Labelling Flashcards
What are labelling theorists interested in terms of Crime and Deviance?
How + Why certain people and acts are labelled as deviant
What do labelling theorists believe in terms of crime?
That crime is socially constructed via societal reactions
What is a moral entrepreneur?
People who lead ‘moral crusades’ to change and develop law making for certain groups
What are two outcomes of new laws created by these MEs?
- Creation of a new group of outsiders
-Expansion of social control agencies
What does Platts study tell us about the outcome of new law making?
- Juvenile Delinquency: created a new group of outsiders as youths were seen as a new category of offender with their own offences such as truancy.
Who studies Cannabis use in the USA
Becker: Becker argued the ‘moral campaign’ to ban the use of cannabis was truly about extending the Bureaus sphere of influences amongst their subjects.
What are convictions and arrests measured upon?
- Previous encounters with social control agencies
- Appearance, Background and Biography
- Situation and Circumstance
What did Piliavin and Brair find?
- Police decision to arrest youths based on physical cues.
- Factors such as G,E,Time and place also increase chances of arrest
- ASBO study found that physical cues were used disproportional against ethnic minority.
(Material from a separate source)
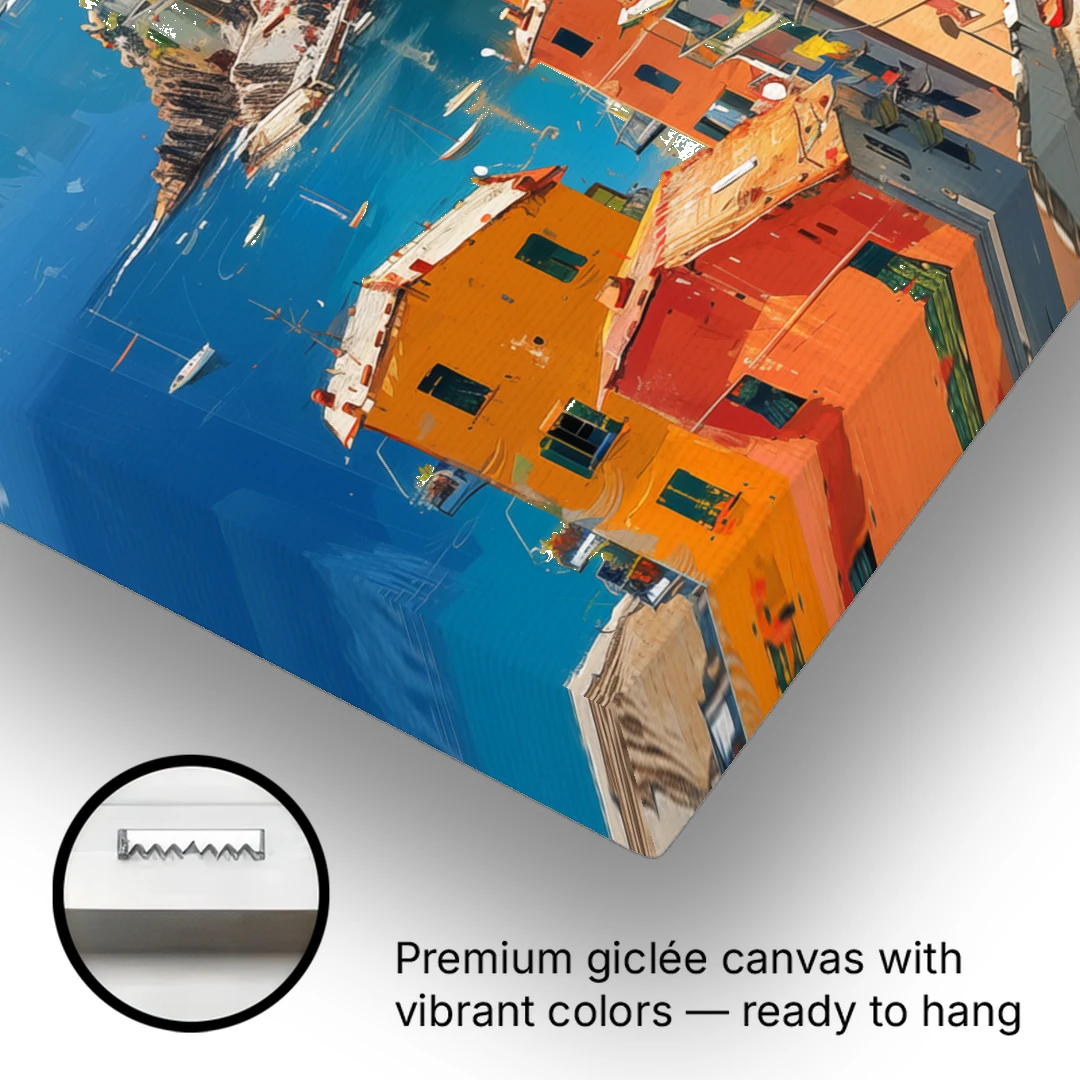 Italian Riviera Painting of a Harbor Village - Canvas Wall Art - Gallery Wrap Corner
What study did Cicourel do?
Police Typifications and how this is reinforced in the CJS
What did Cicourel find?
- Police use a ‘commonsense theory’ based on typical offenders.
-This leads to the police focusing of certain ‘types’ of offenders leading to class bias and further patrolling in W/C areas compared to M/C
How is the Commonsense theory reinforced in the Criminal Justice System?
- Probation officers assume juvenille delinquency stems from broken homes and poverty, youths who commit minor crimes are more likely to offend due to these circumstances and therefore, they are more likely to support custodial sentences for these youths.
What does Cicourels study tell us?
- M/C youths less likely to be charged as they do not fit the ‘typical offender’
- M/C has more capital to negotiate with the CJS on behalf of their child.
Which sociologists identified two types of deviance and the effects it can have for those labelled?
Primary Deviance: trivial acts, widespread, rarely sanctioned with little effect on the individuals status
Secondary Deviance: more serious, labelled publicly
Lemert
What does secondary deviance lead too?
-A master status (Becker)
-A crisis of self concept which can evolved into a self fulfilling prophecy
- Rejection from society can force individuals into deviant subcultures and subsequently, deviant careers
What case study is used for Secondary Deviance?
- Jack & Young Drug Use; labelled by police and saw themselves as outsiders, which led to further secondary deviance.
How do Downes & Rock criticise Jack & Young?
- Too deterministic
What occurs when social control agencies attempt to control deviance?
- Deviancy Amplification (Stan Cohen Folk Devils
What does Triplett argue?
-There is a tendency to see young offenders as evil
- CJP relabelled minor status offences as more serious in attempt to stop, contrary led to an increase in this type of offence.
Who argued there is a positive role for the labelling process in these formation of two forms of shaming:
Disintegrative Shaming: When both the crime and the individual are labelled as deviant
Reintegrative Shaming: The act is labelled as bad but not the individual
Braithwaite
What are the effects of Reintegrative shaming?
- Crime rates are lower in societies that apply this
- Avoids stigmatisation
Which sociologist studied suicide and the way coroners label suicide?
Douglas
What did Douglas find?
- Coroners label suicide so could include bias due to religious beliefs, reluctancy from family’s
Who argues we will never fully understand the meaning individuals give to their suicides and which should more focus upon where coroners get their ‘taken for granted’ knowledge from?